Figure 2.2: Representation of a tokenized sentence.
Tokenizers may add a number of features describing the token. These include details of orthography (e.g., whether they are capitalized or not), and more information about the kind of token (whether it is a word, number, punctuation, etc.). Other components may also add features to the existing token annotations, such as their syntactic category, details of their morphology, and any cleaning or normalization (such as correcting a mis-spelled word). These will be described in subsequent sections and chapters. Figure 2.3 shows a token for the word offences in the previous example with some features added: the kind of token is a word, it is 8 characters long, and the orthography is lowercase.

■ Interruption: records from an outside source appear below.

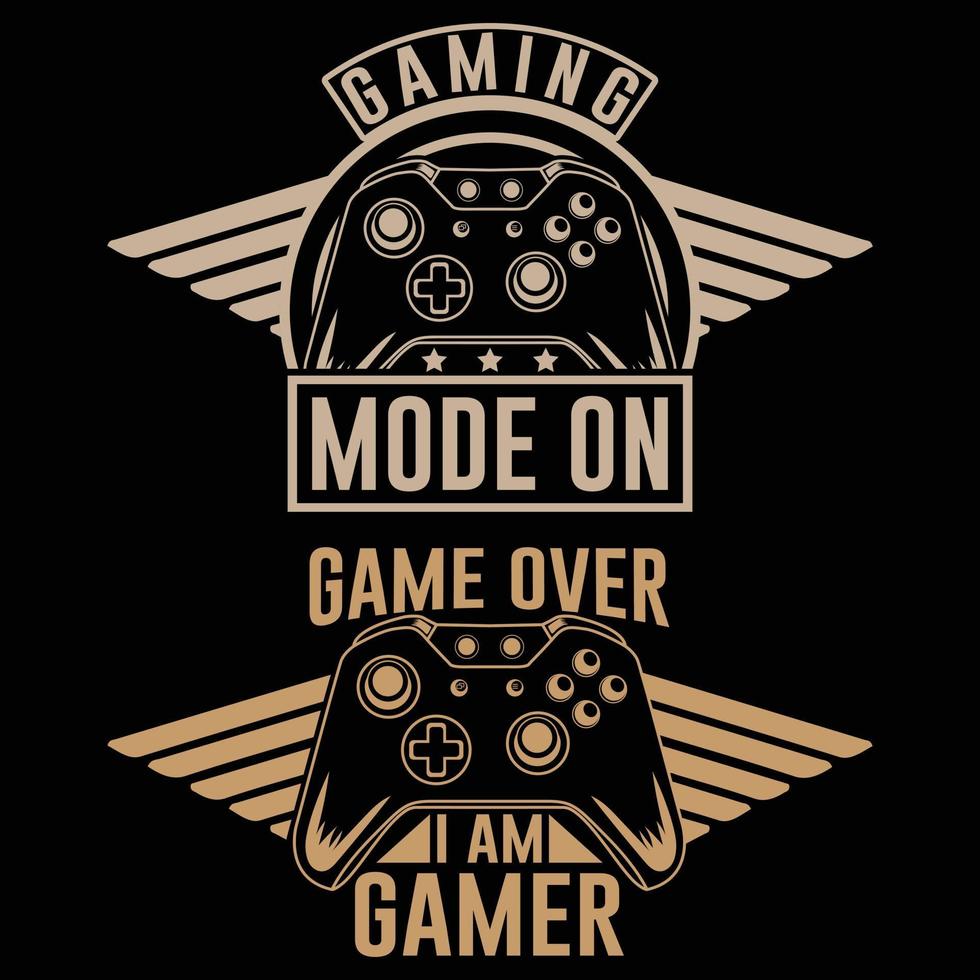 Game console vector, game element, illustration, game controller illustration vector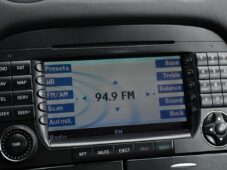 Mercedes-Benz SL 65 AMG V12 AMG BOSE - 42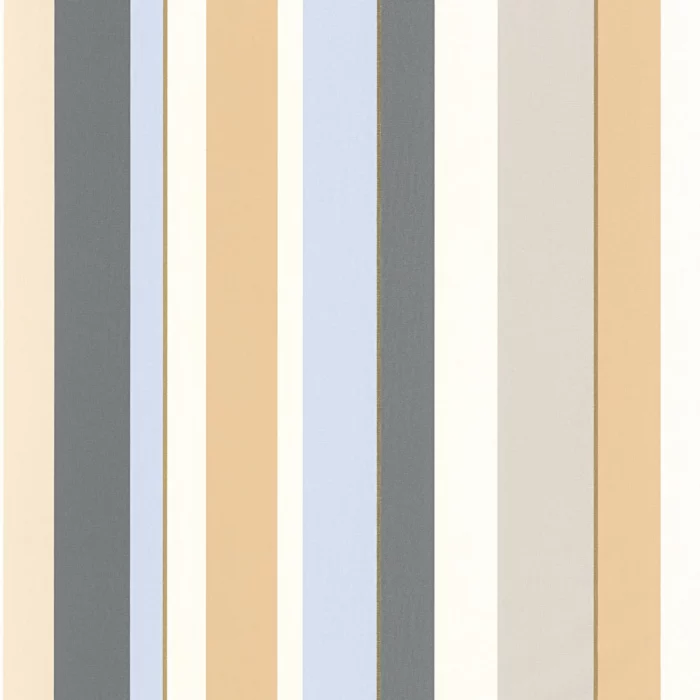 Venice Beach Wallpaper - Naturel swatch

Tokenizing well-written text is generally reliable and reusable, since it tends to be domain-independent. However, such general purpose tokenizers typically need to be adapted to work correctly with things like chemical formulae, twitter messages, and other more specific text types. Other non-standard cases are hyphenated words in English, which some tools treat as a single token and some tools treat as three (the two words, plus the hyphen itself). Some systems also perform a more complex tokenization that takes into account number combinations such as dates and times (for example, treating 07:56 as a single token). Other tools leave this to later processing stages, such as a Named Entity Recognition component. Another issue is the apostrophe: for example in cases where an apostrophe is used to denote a missing letter and effectively joins two words without a space between, such as it’s, or in French l’homme. German compound nouns suffer the opposite problem, since many words can be written together without a space. For German tokenizers, an extra module which splits compounds into their constituent parts can therefore be very useful, in particular for retrieval purposes. This extra segmentation module is critical to define word boundaries also for many East Asian languages such as Chinese, which have no notion of white space between words.
Figure 2.3: Representation of a tokenized sentence.
Because tokenization generally follows a rigid set of constraints about what constitutes a token, pattern-based rule matching approaches are frequently used for these tools, although some tools do use other approaches. The OpenNLP TokenizerME,2 for example, is a trainable maximum entropy tokenizer. It uses a statistical model, based on a training corpus, and can be re-trained on a new corpus.
GATE’s ANNIE Tokenizer3 relies on a set of regular expression rules which are then compiled into a finite-state machine. It differs somewhat from most other tokenizers in that it maximizes efficiency by doing only very light processing, and enabling greater flexibility by placing the burden of deeper processing on other components later in the pipeline, which are more adaptable. The generic version of the ANNIE tokenizer is based on Unicode4 and can be used for any language which has similar notions of token and white space to English (i.e., most Western languages). The tokenizer can be adapted for different languages either by modifying the existing rules, or by adding some extra post-processing rules. For English, a specialized set of rules is available, dealing mainly with use of apostrophes in words such as don’t.